You are viewing a plain text version of this content. The canonical link for it is here.
Posted to issues@spark.apache.org by "Sylvain Zimmer (JIRA)" <ji...@apache.org> on 2016/07/25 16:17:20 UTC

[jira] [Commented] (SPARK-16700) StructType doesn't accept Python dicts anymore

    [ https://issues.apache.org/jira/browse/SPARK-16700?page=com.atlassian.jira.plugin.system.issuetabpanels:comment-tabpanel&focusedCommentId=15392200#comment-15392200 ] 

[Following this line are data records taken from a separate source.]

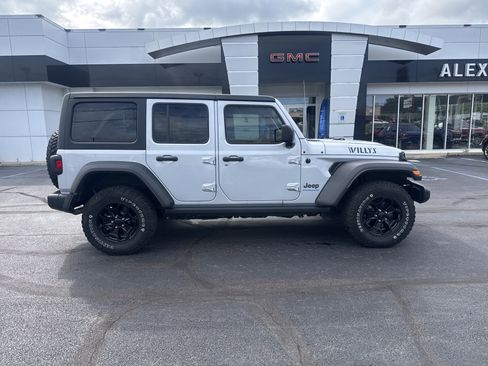 Used 2023 Jeep Wrangler Unlimited w/ Cold Weather Group AWD/4WD image 2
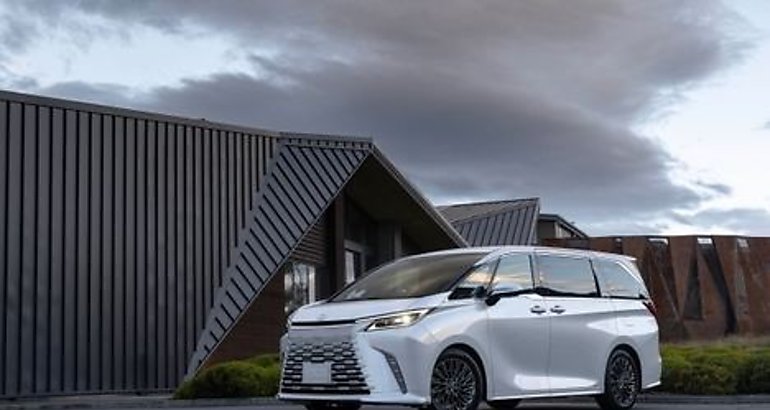 Lexus LM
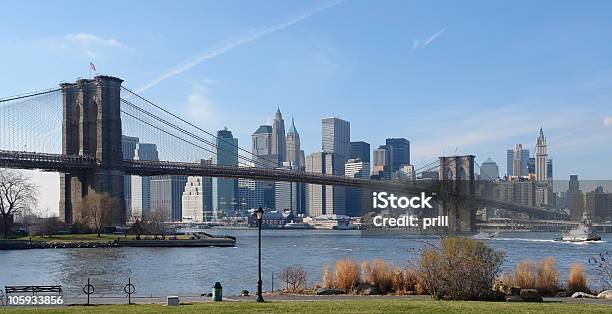 Ponte Di Brooklyn E New York - Fotografie stock e altre immagini di Acqua - Acqua, Ambientazione esterna, America del Nord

Sylvain Zimmer commented on SPARK-16700:
----------------------------------------

I dug into this a bit more: 

{{_verify_type({}, struct_schema)}} was already raising a similar exception in Spark 1.6.2, however schema validation wasn't being enforced at all by {{createDataFrame}} : https://github.com/apache/spark/blob/branch-1.6/python/pyspark/sql/context.py#L418

In 2.0.0, it seems that it is done over each row of the data:
https://github.com/apache/spark/blob/master/python/pyspark/sql/session.py#L504

I think there are 2 issues that should be fixed here:
 - {{_verify_type({}, struct_schema)}} shouldn't raise, because as far as I can tell dicts behave as expected and have their items correctly mapped as struct fields.
 - There should be a way to go back to 1.6.x-like behaviour and disable schema verification in {{createDataFrame}}. The {{prepare()}} function is being map()'d over all the data coming from Python, which I think will definitely hurt performance for large datasets and complex schemas. Leaving it on by default but adding a flag to disable it would be a good solution. Without this users will probably have to implement their own {{createDataFrame}} function like I did.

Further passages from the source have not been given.